First, I need to point out that there has always been a myth surrounding Google’s indexing (or non-indexing) of PHP pages, specifically dynamically generated pages. I suppose my mysterious title to this entry doesn’t help the matter, because Google is easily able to index both dynamically generated PHP pages and PHP pages with dynamically generated content (read further down for an explanation). There are some good practices that webmasters should follow to make sure their site’s pages are clearly readable, but there’s not really a big mystery. I’ll explain in later posts in this series how you can make your PHP site Google ready. In the mean time, Google (as always) is smart enough to sort through most of the garbage that people sometimes post to the web. So why write an article you ask? Because there are so many people who still believe this myth, and it’s about time someone pointed out that Google has already set the record straight.

It’s easy to see how such a myth could be perpetuated over time. Google did have an excerpt from their Webmaster Guide back in 2006 that said Google had a more difficult time indexing pages with a query string in the URL (for those of you not familiar with URL parts, read this entry by Google’s Matt Cutts). Google once warned:

“Don’t use “&id=” as a parameter in your URLs, as we don’t include these pages in our index.”

Ah ha! The spark that started the fire. So, Google really did have a hard time at some point indexing PHP pages? Well, not so fast Mr. or Ms. Webmaster pants. They didn’t say anything about dynamically generated pages, or even PHP for that matter. They simply said it’s best not to use certain query strings in your URLs. It has been exaggerated and expanded over the years to somehow include the idea that Google is wholly incapable of indexing pages processed by PHP. This notion was false then, and is false now. In fact, Google has now even removed that line from the Webmaster Guide and has stated clearly that it’s OK to have dynamically generated pages.

People who actually still believe that PHP cannot be indexed by Google have obviously never performed this query:

inurl: .php

What? That’s an outrage! Google doesn’t index PHP pages! Especially not that first one that is dynamically generated and contains “?id=” in the query string! OK, now I’ll remove my tongue from my cheek so I can finish up here.

A Technical Explanation

Alright, here’s where we’ve got to get a little technical. Don’t be afraid, it’s not too bad. After all, it was the people who weren’t willing to explore a little bit of the technical stuff that perpetuated this myth in the first place. Be a part of the solution and keep reading!

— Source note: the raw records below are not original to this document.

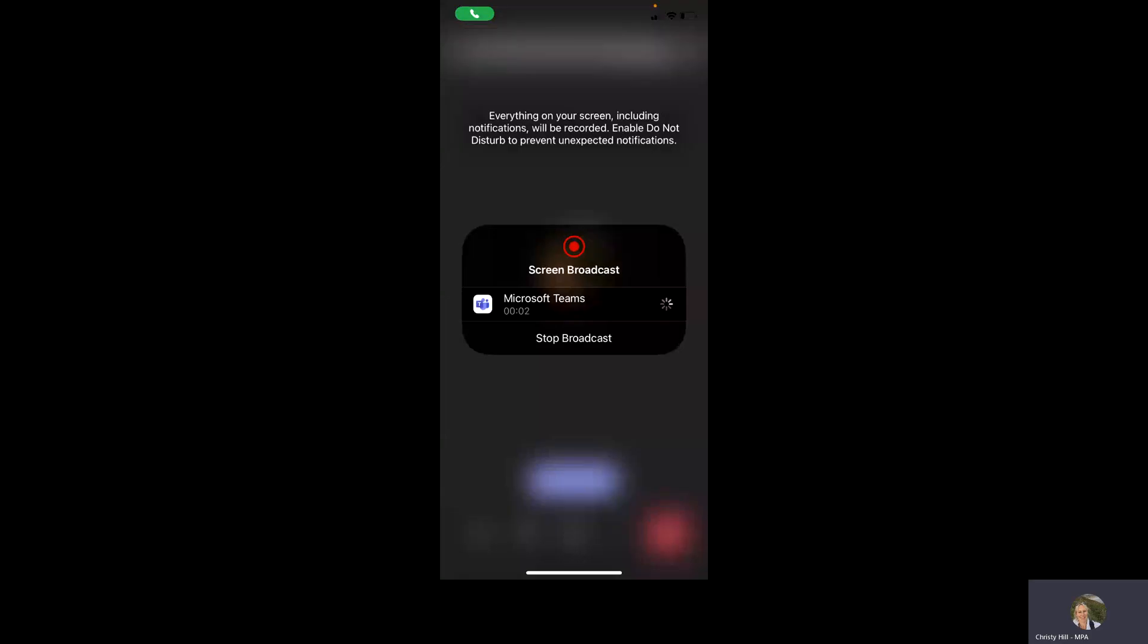So I'm going to share my screen with you now, which will show you my phone desktop. You won't see me anymore, you'll just be able to hear my voice. So let's start the broadcast. You should now be able to see what I'm seeing.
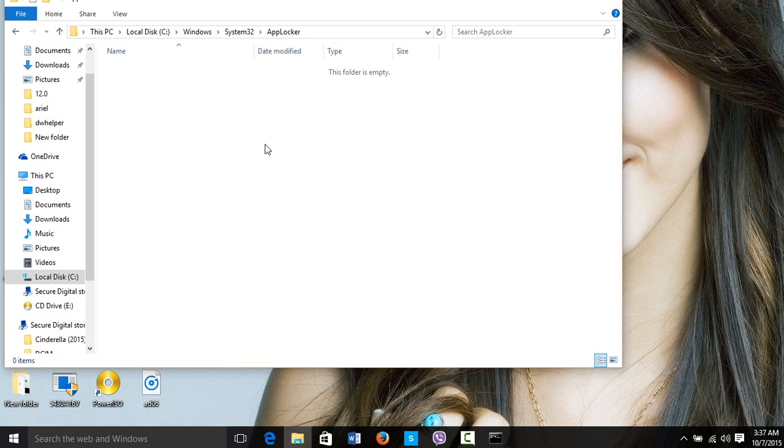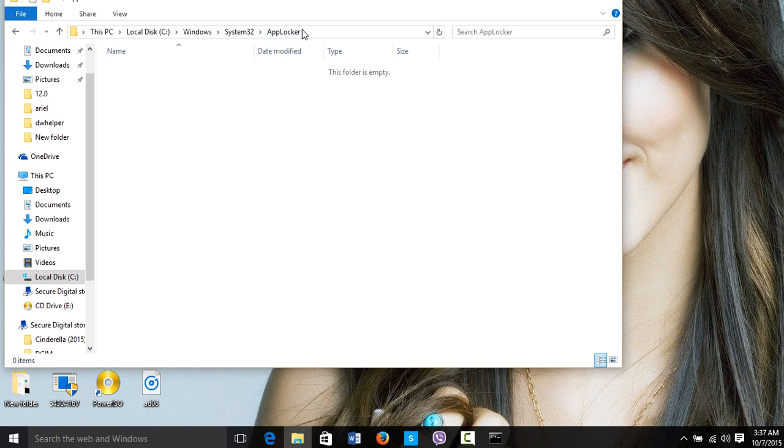Basically, the way you get there is by going to local disk here, then you go to Windows, system 32, app locker. So here is the app locker.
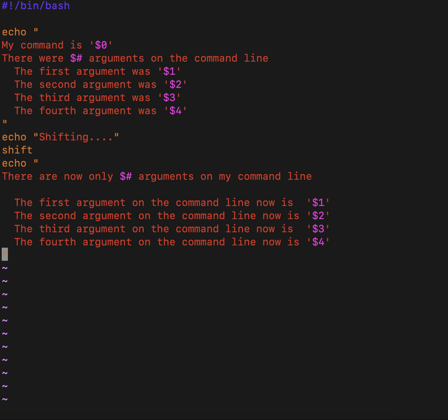So when we do this, we expect things to move and to change the count because we're going to have one less when we shift the entire command line left. Whatever was in dollar one will be gone. Whatever was in two will now be in one. Whatever was in three will now be in two. And so on. Let's go ahead and run this to see how it works.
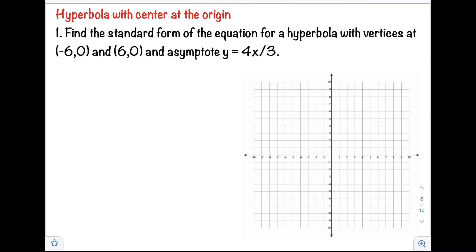Hi class! Welcome back to our channel. For this video, I will show you how to find the standard form of the equation for a hyperbola given its vertices and the equation of the asymptote.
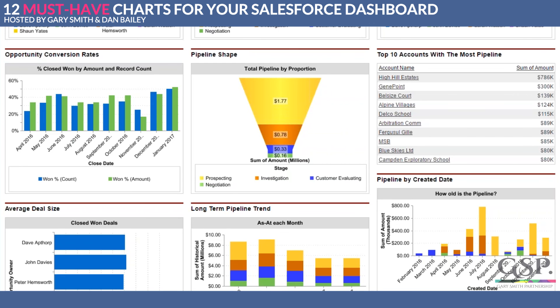You can see that High Hill Estates is potentially going to bring you in a lot of money. Could you do one overall big deal with them — a framework deal, a unique supplier deal, whatever it might be?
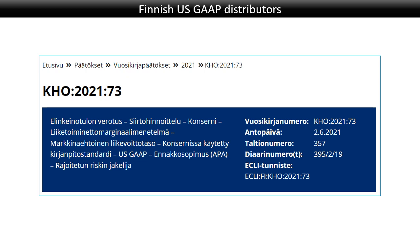What I have for you today is a short case from Finland about whether a taxpayer had to use Finnish GAAP accounts for its transfer pricing documentation, or whether it could use US GAAP. This is an interesting question because should your transfer pricing documentation be based on your tax return numbers, your local GAAP numbers, or your group GAAP numbers? Different people give different answers, and the fact is that most countries' laws do not say anything particular about that.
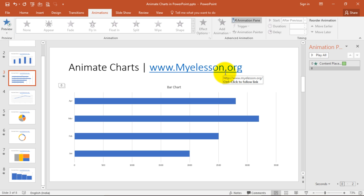And do, do, do subscribe to my channel. It will keep you motivated. Also, you will let know whenever my new video is out. So see you in the next video. Happy learning.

First, there is a real difference between dynamically generated pages and pages with dynamically generated content. It is often the case that dynamically generated pages will also have dynamically generated content, but not all pages with dynamically generated content have to be themselves dynamically generated. Confused? Let me explain.

Pages With Dynamic Content

Let’s say I have a file called faqs.php that actually takes up memory on my server, and contains PHP code that performs a certain function. Maybe the code accesses a database, obtains a list of FAQs, and prints them out to the screen. This is an example of a non-dynamically generated page that dynamically generates content. In this case, the faqs.php script is only going to consistently deliver FAQs to the user. It will probably never show a terms of use, contact, or about page. It’s for FAQs.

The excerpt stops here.